I too am having a hard time with this... I have a tecumseh 8hp engine and I did the oil drain last night... waiting for this morning to put in new oil and see if it's better. Crossing my fingers


----------



## HCBPH (Mar 8, 2011)

*Carboned up engines*

Virtually every blower I've bought with a Tecumseh engine has had alot of carbon on the valves, head and piston. Here's a thread that includes how I go about decarboning the engine:
Evaluating a used engine

So far I have not found one that this has not helped out. If you're willing to do a little work, it may help you out.


----------



## nt40lanman (Dec 31, 2012)

Thanks for the suggestions, guys. I'll pitch some of this to him. Could be carbon in the cylinder, could be excessive exhaust valve clearance defeating the compression release, or I suppose the compression release could be stuck on "not released" somehow. Anyone have a # for a gasket kit? I don't mind doing the tinkering. I may also pitch to him the Harbor Freight engine dealio.
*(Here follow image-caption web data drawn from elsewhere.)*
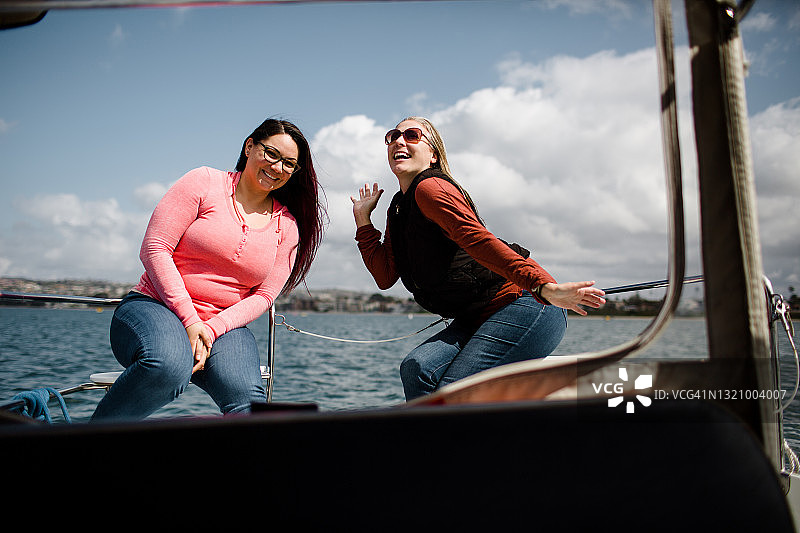 在圣地亚哥海湾的船上摆姿势的嫂子图片素材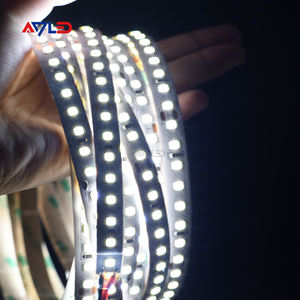 Bande LED SMD2835 IP65 128 LED/m Haute Efficacité CRI90 DC24V 12.8W 180LM/W Étanche pour Couloir, Galerie, Mur - Product Image 1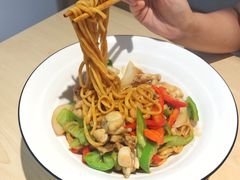 爆炒牛蛙拌川-汤去三面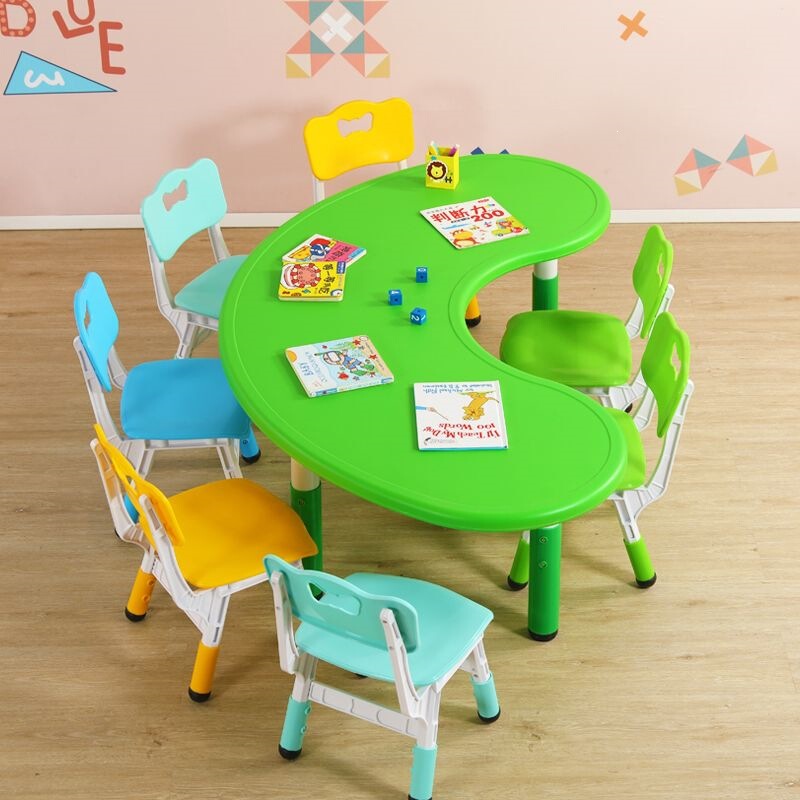 Children's Table and Chair Set, Kindergarten Table and Chair, Baby Painting, Game, Learning Desk, Plastic Adjustable Moon-Shaped Creative Table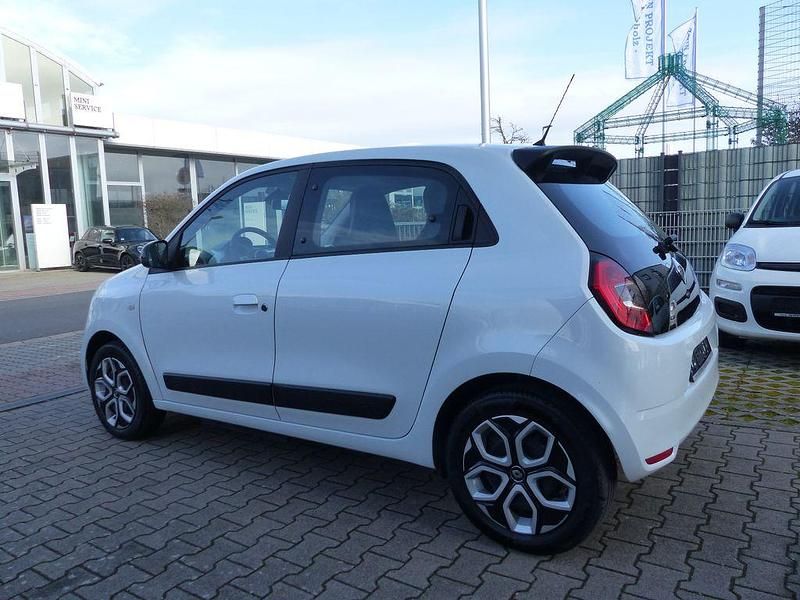Gebraucht Renault Twingo Equilibre 60 kW (82 PS) 2023 Weiß Kleinwagen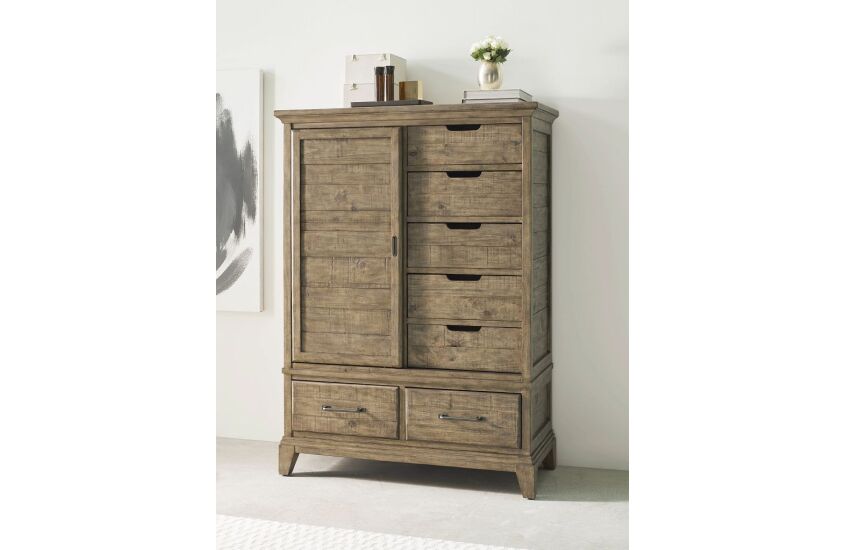 WHEELER DOOR CHEST Room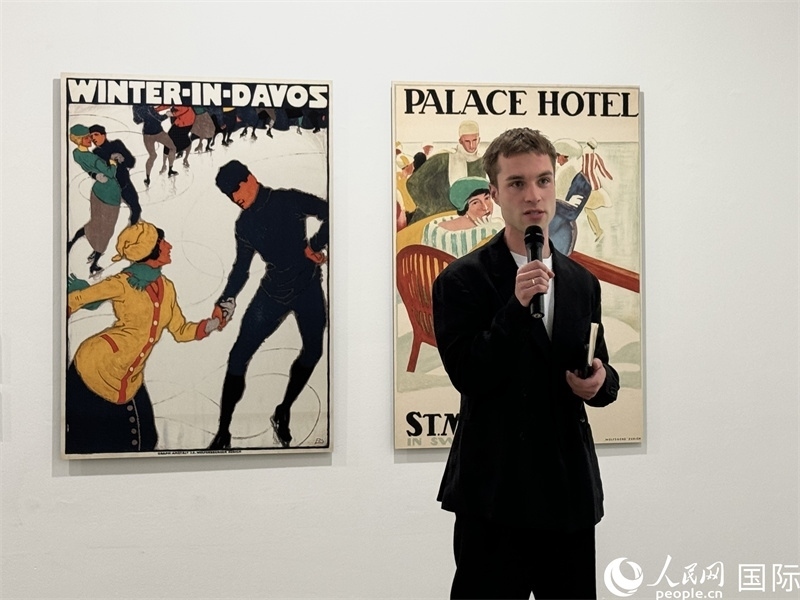 11月8日，“瑞士經(jīng)典設計展”策展人言照壁向與會嘉賓導覽。（人民網(wǎng) 謝瑩攝）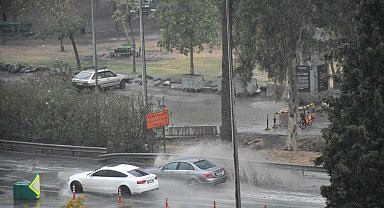 İzmir'de sağanak etkili oldu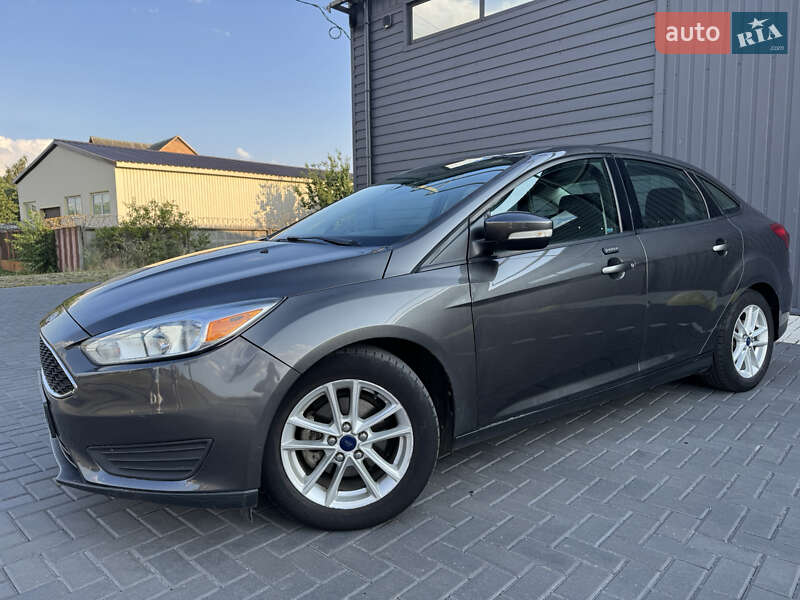 Седан Ford Focus 2015 в Кропивницком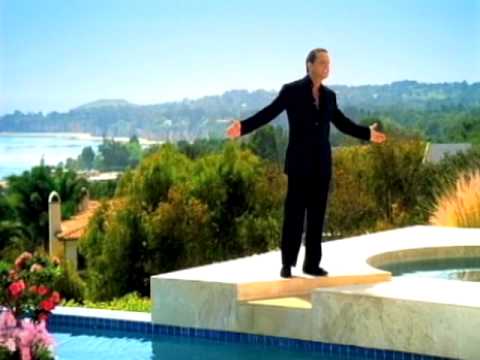 Luis Miguel - "Te Desean" (Video Oficial)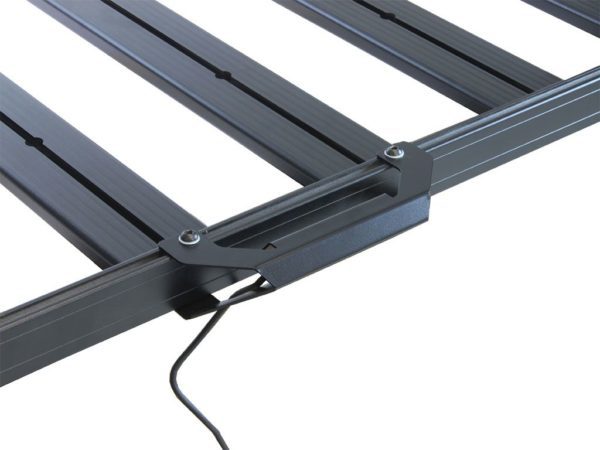HANDLE/LIGHT SLIMLINE II RACK BRACKET – BY FRONT RUNNER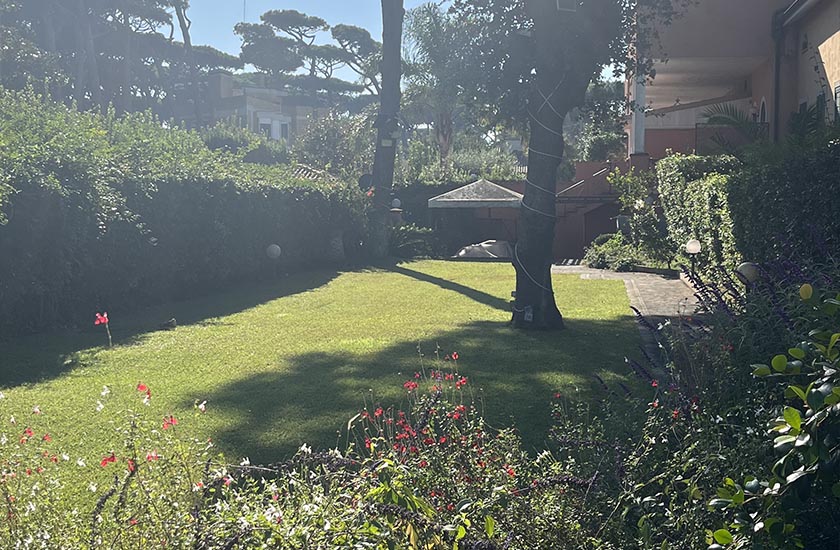 Villa plurifamiliare via foce verde 02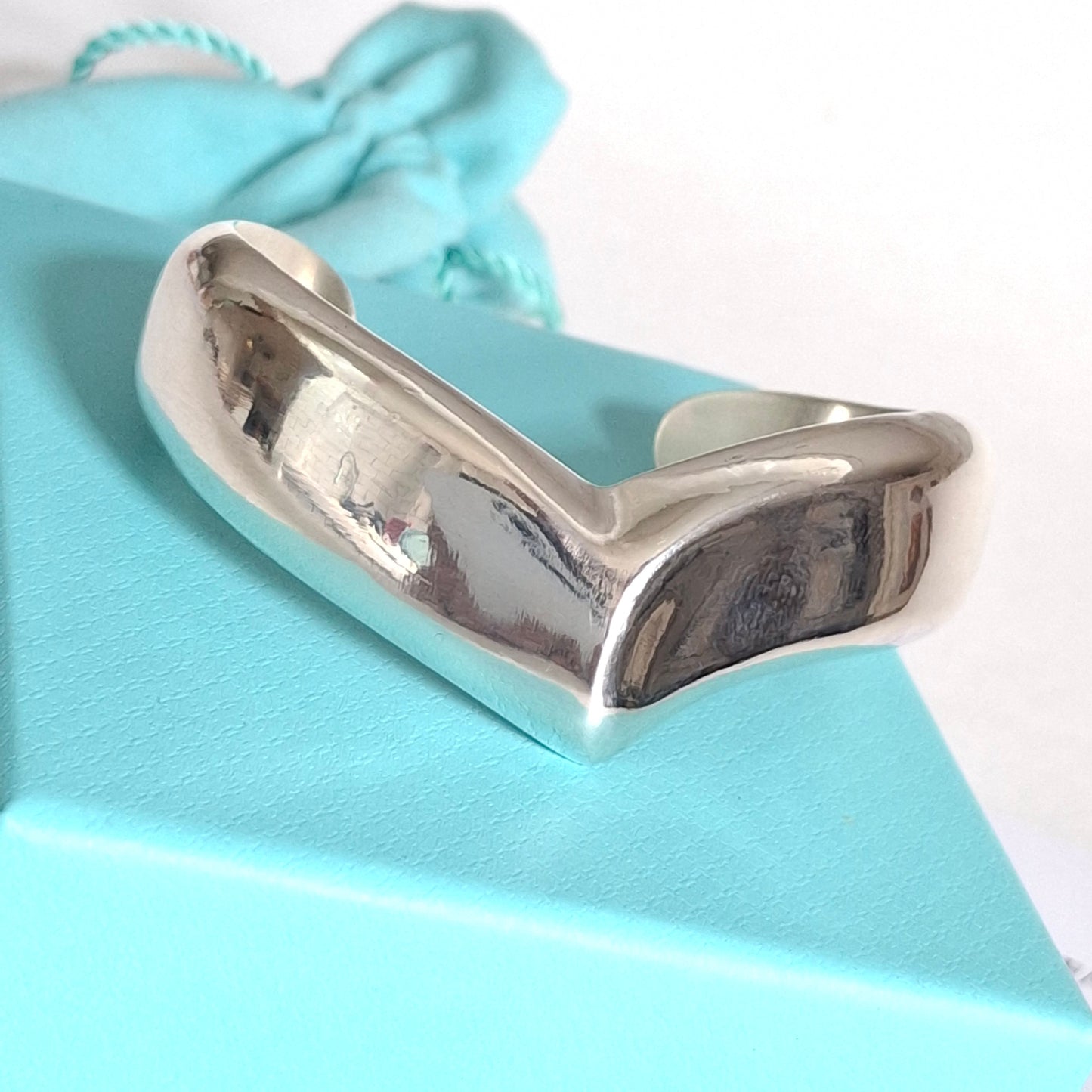 Elsa Peretti Tiffany & Co Wing Cuff Bracelet in Hallmarked 925 Sterling Silver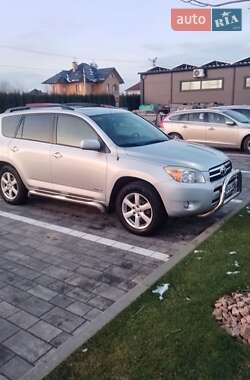Внедорожник / Кроссовер Toyota RAV4 2007 в Киеве
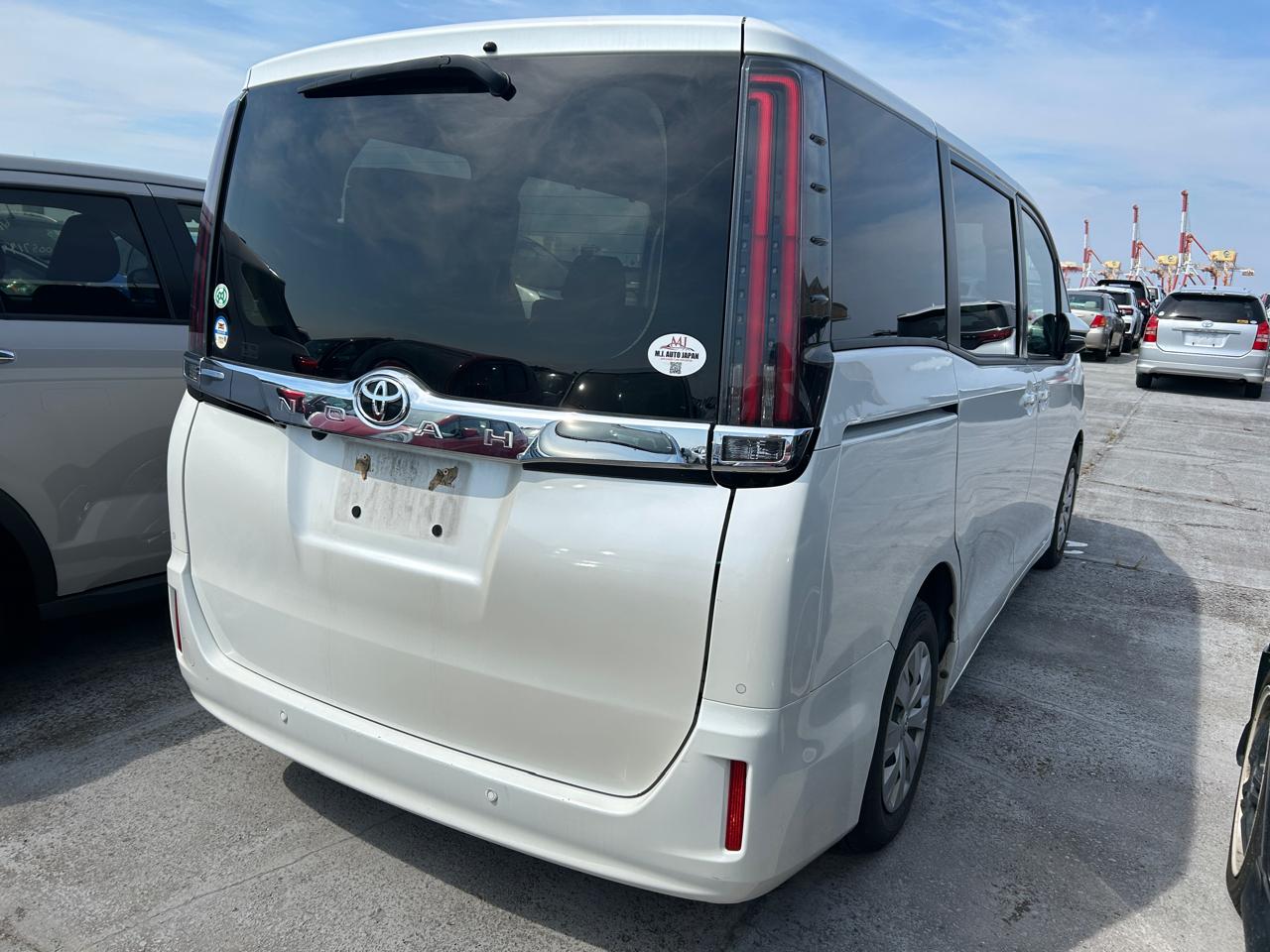 TOYOTA NOAH G LED PACKAGE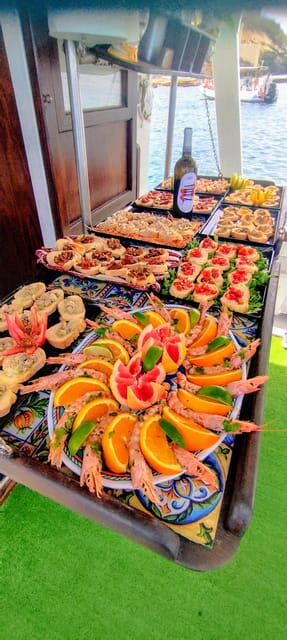 Gastronomy boat excursion - Key Points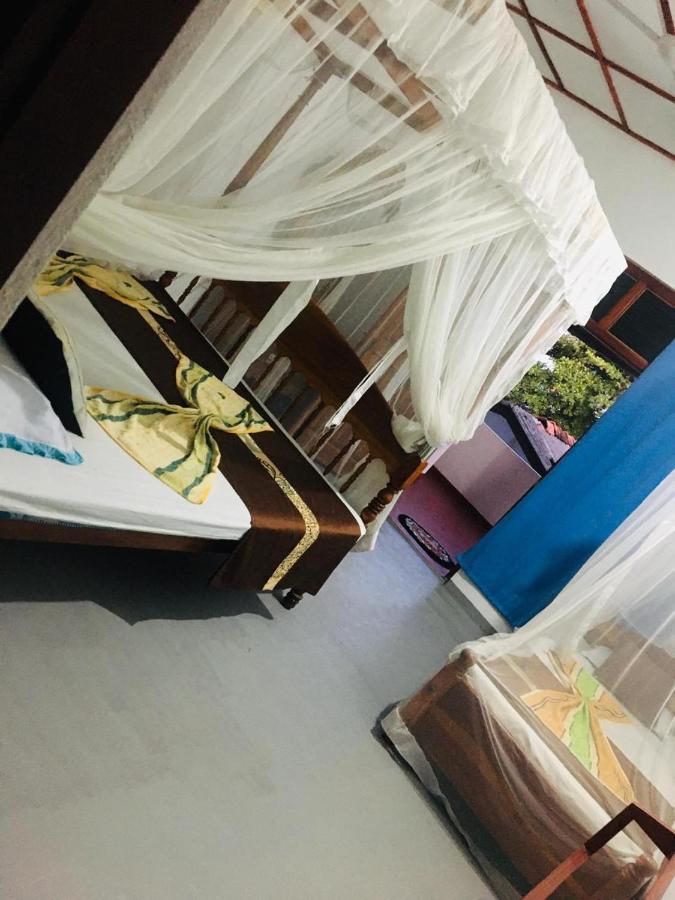 Sunrise Guest House & Restaurant แทนกาลเล ภายนอก รูปภาพ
I wonder if soaking the cylinder in Marvel Mystery would help it break up the carbon without disassembly.


----------



## eblastman (Dec 13, 2016)

*cold sno blower*

i empty the gas on my sno blower every spring. for this storm on 12-10-16 i tried to start it and gave up after 30 minutes of pulling. i changed the plug, took the carb apart and cleaned it used starting and carb cleaner to start it and used fresh gas - still nothing. i shoveled the drive way and came to this forum and one of the posts said to warm the engine. i took the blower in the house over night and pulled three times on it the next morning in the garage and it started right up. the secret to starting a sno blower is a warm engine.


----------